Corrí a comprarme un agua mineral luego de que me enteré de tu partida y mientras llegaba, apenas calle y media, no hice sino llorar a tambor batiente porque sabía que te ibas tú, querido amigo, pero también se iban tantas y tantas historias que en algún momento fueron curitas y merthiolate para permanecer con una sonrisa en los labios… sí, Nacho, a pesar de todo. 

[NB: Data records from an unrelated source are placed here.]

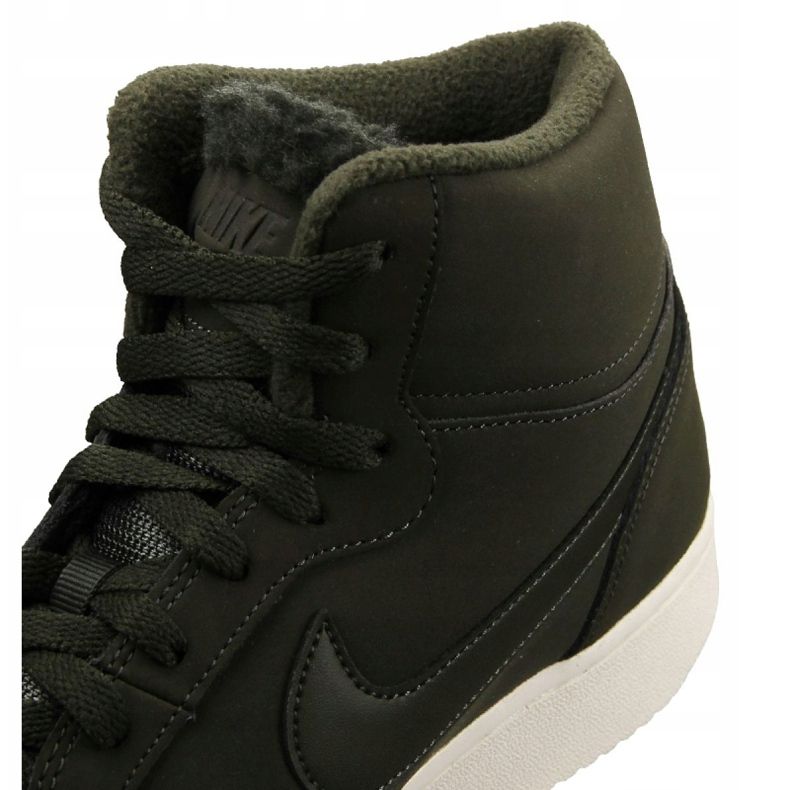 Calzado Nike Ebernon Mid Se M AQ8125-300 verde 1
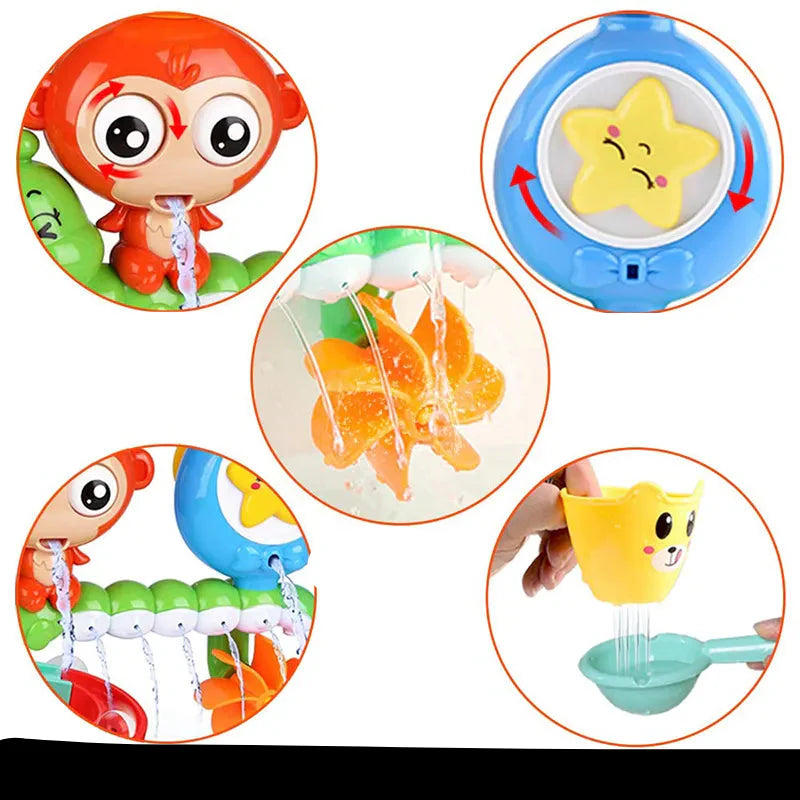 Splash Time Animal Toys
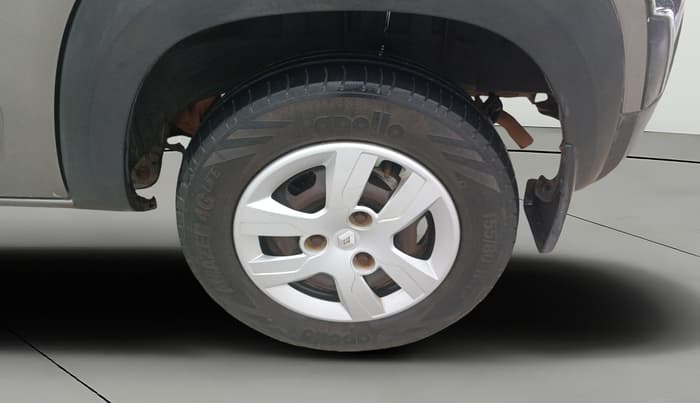2016 Renault Kwid RXT 0.8 (O), Petrol, Manual, 81,783 km, Left Rear Wheel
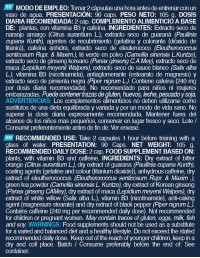 Thermo X 1 x 2 Capsulas - Erix nutrición 2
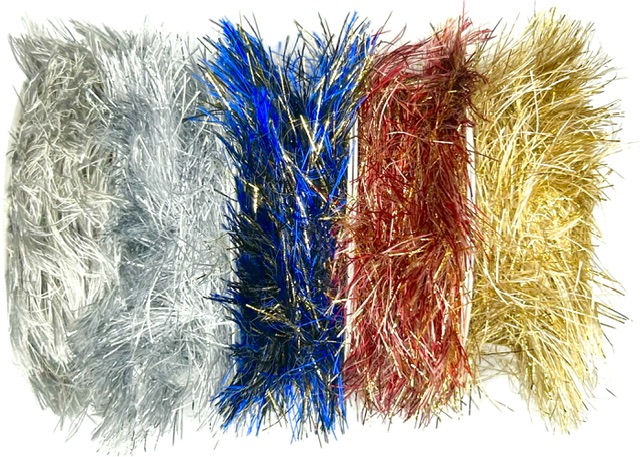 Provázek dekorační GRAYLAND TWINKLE šedý 4m (5,-Kč/m)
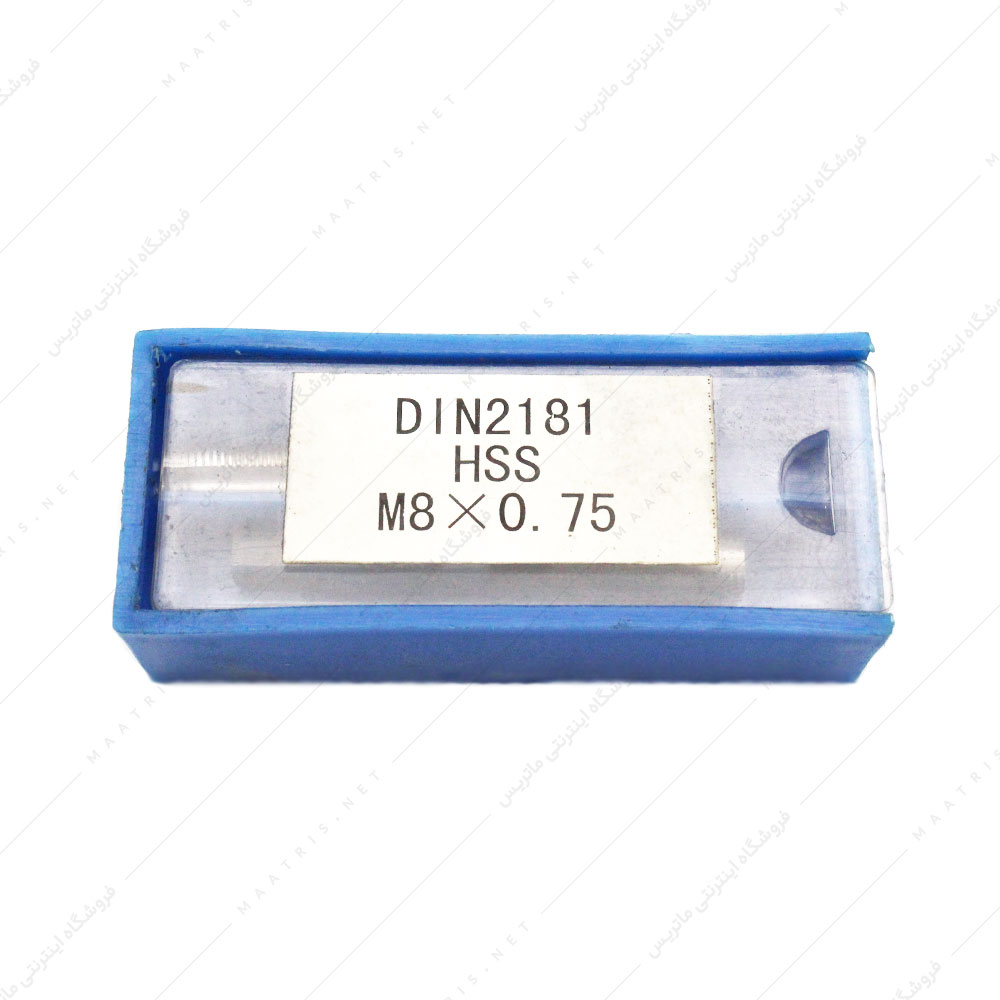 قلاویز دستی HSS سایز 8 گام 0/75  دنده ریز برند فرا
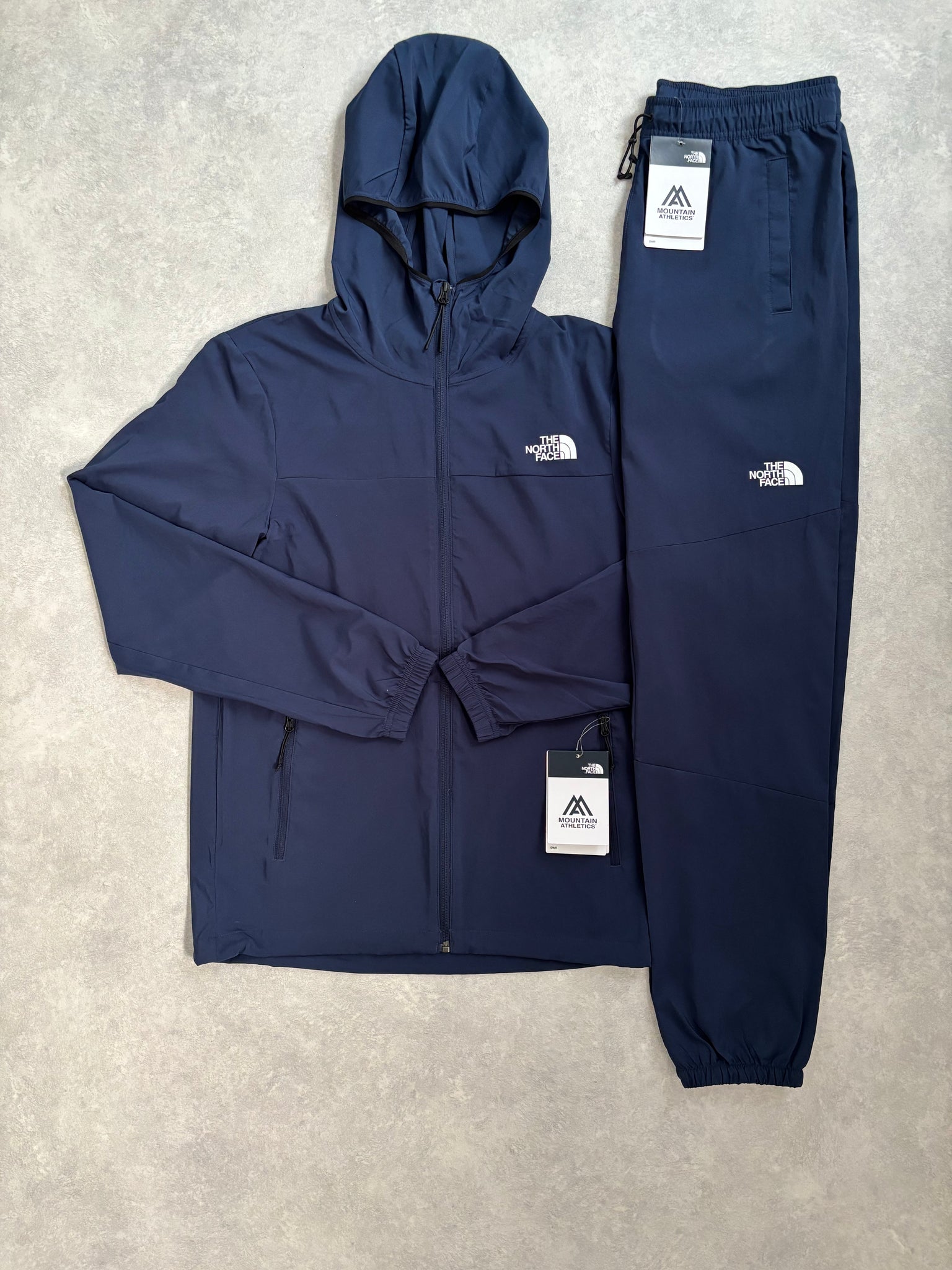 The North Face Trainingspak Blauw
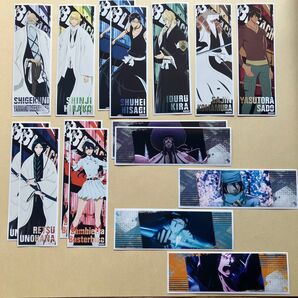 BLEACH 千年血戦篇 ロングステッカー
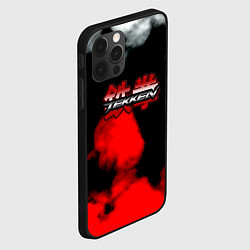 Чехол для iPhone 12 Pro Max Tekken color smoke, цвет: 3D-черный — фото 2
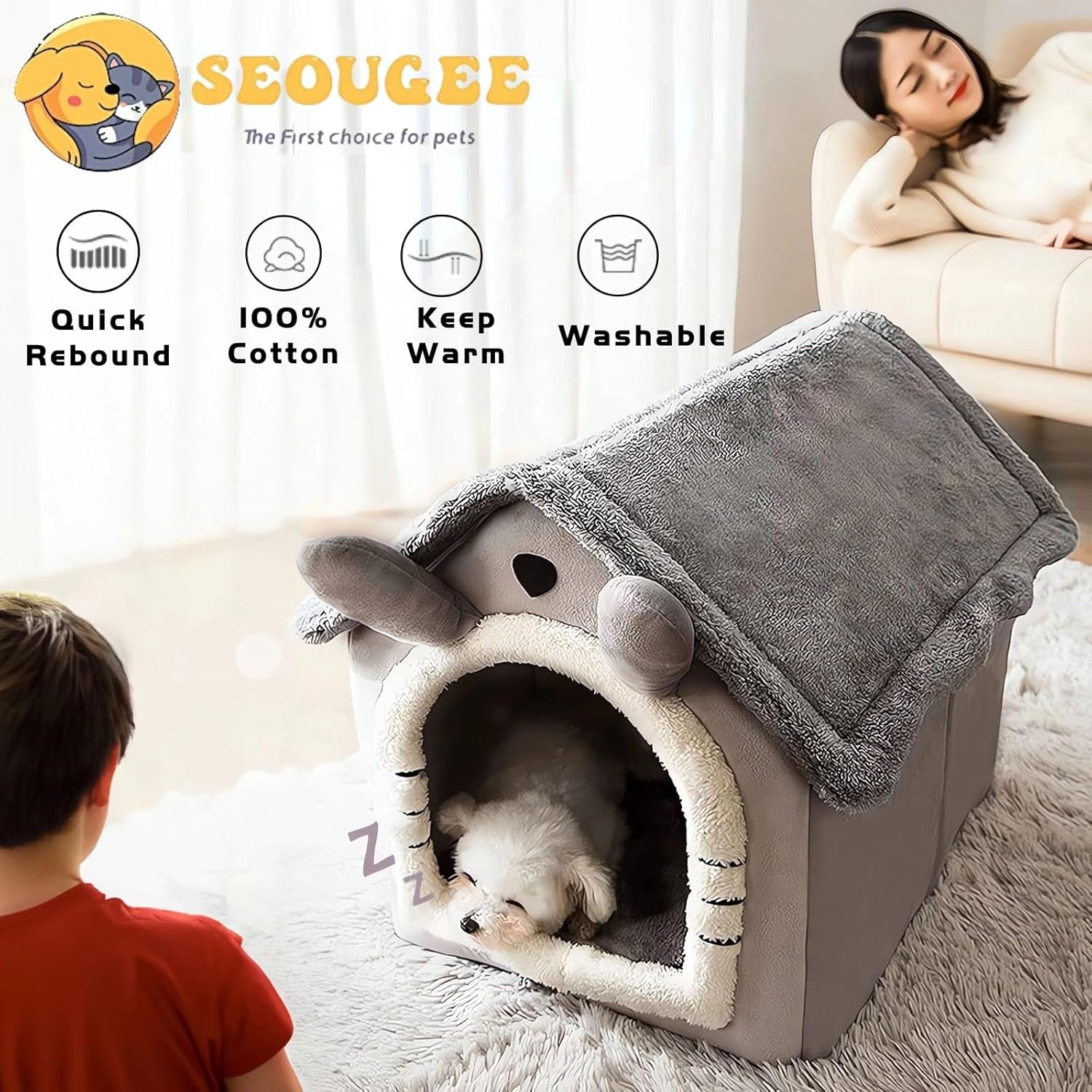 Pături & Mobilier, Animale de companie, Peșteri & Case, Pisici, Paturi pentru pisici, Pisici - culcusuri, saltele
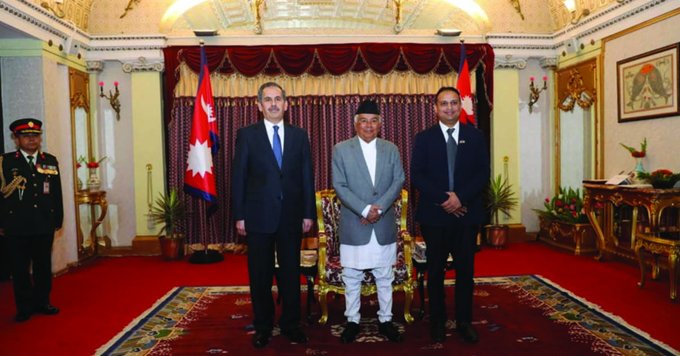 Courtesy Calls Paid of High-Profile Govt. Officials photo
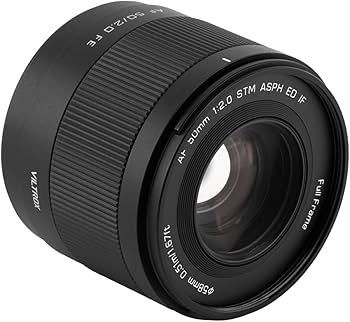 Amazon.co.jp: Viltrox AF 50mm F2.0 AIR STM ASPH ED IF Eマウント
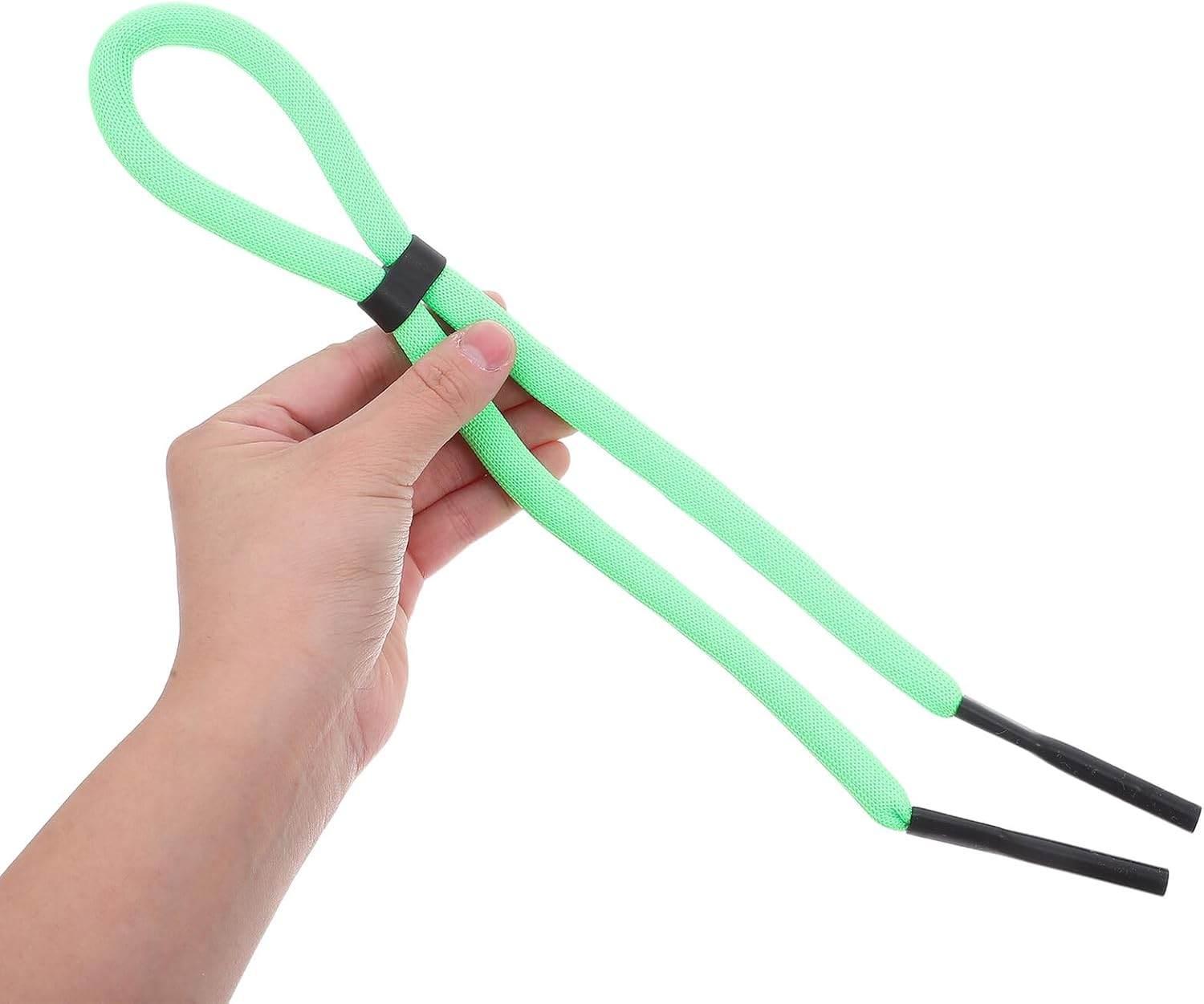 DEARMAMY 4Pcs Floating Sunglass Straps Adjustable Eyeglass Lanyards for Men Water Buoyant Floating Eyewear Retainer Cord for Kayaking Boating Swimming image number 5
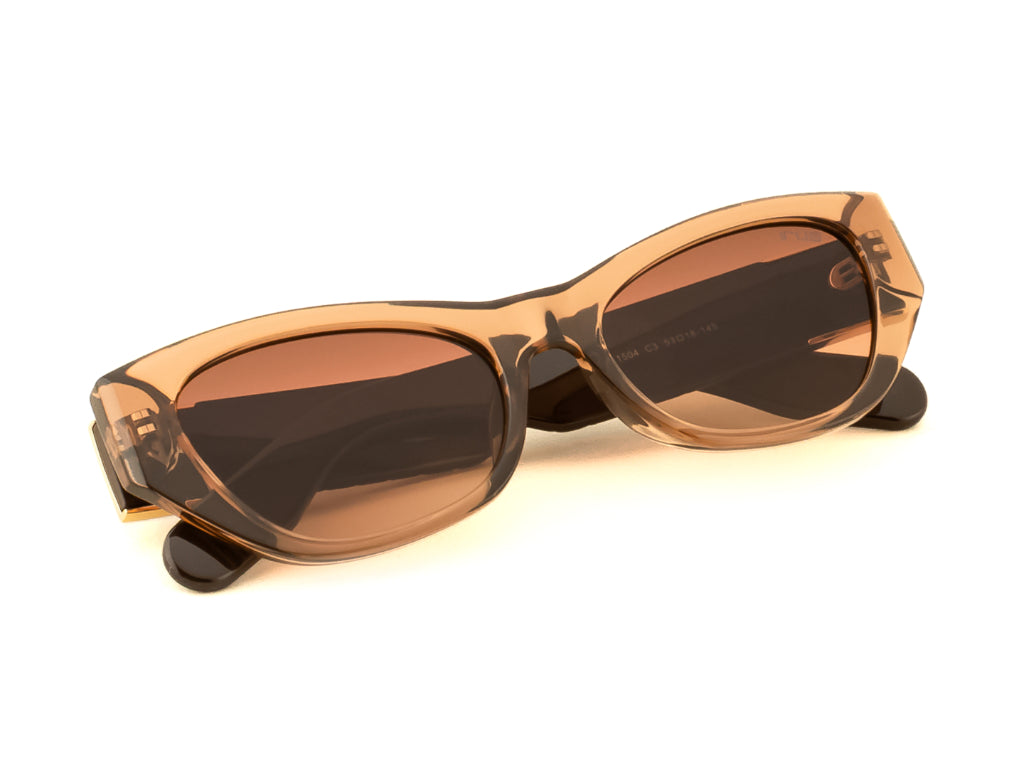 IRUS S1504 Women Cat Eye Sunglasses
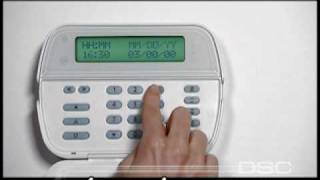 How to use my DSC Alexor Wireless Security Alarm  Part 2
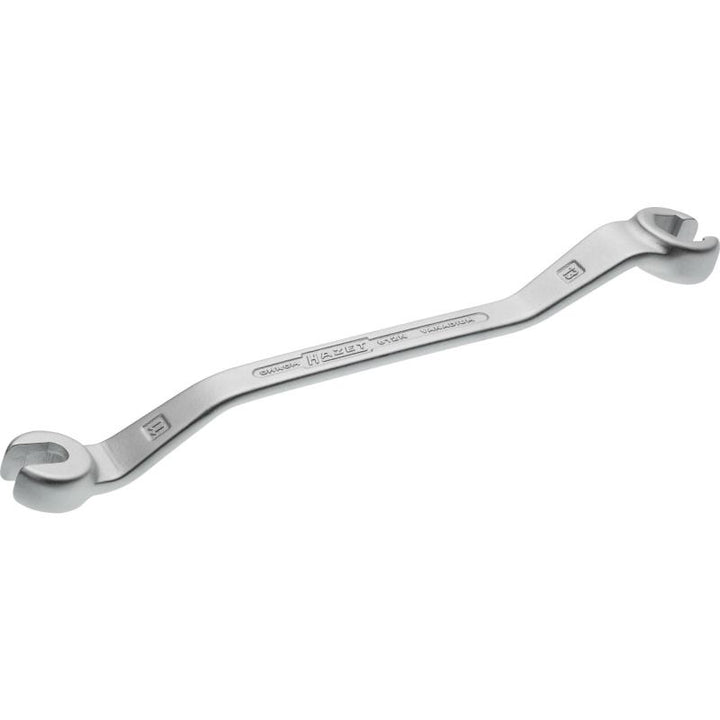 Hazet 612N-11X13 Double Box-End Wrench, Open, Hex, 11x13mm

Tal vez debo escribirle en estos momentos al gran editor David Magaña y agradecerle que me llevara por tus caminos, que me explicara lo importante que es tu propuesta literaria y que, claro, me dejase de tarea estar en la mesa de ventas de tu novela “Hace un mes que no baila el muñeco” (Benemérita Universidad Autónoma de Puebla/Editorial Daga, aquí el Jefe de Jefes era David Magaña/ Dirección General de Fomento Editorial, 1999) en aquel buen agasajo cuyo recuerdo: verte bailar y reír tarareando “Hace un mes que no baila el muñeco” nadie conseguirá arrancarme, bueno, quién sabe, igual y en una de esas llego a tu lado, decimos salud y resulta que el Muñecón ya creció, es más: ya pasó a mejor vida, gracias por tanto, querido Nacho, ahora sí llégale al descanso eterno.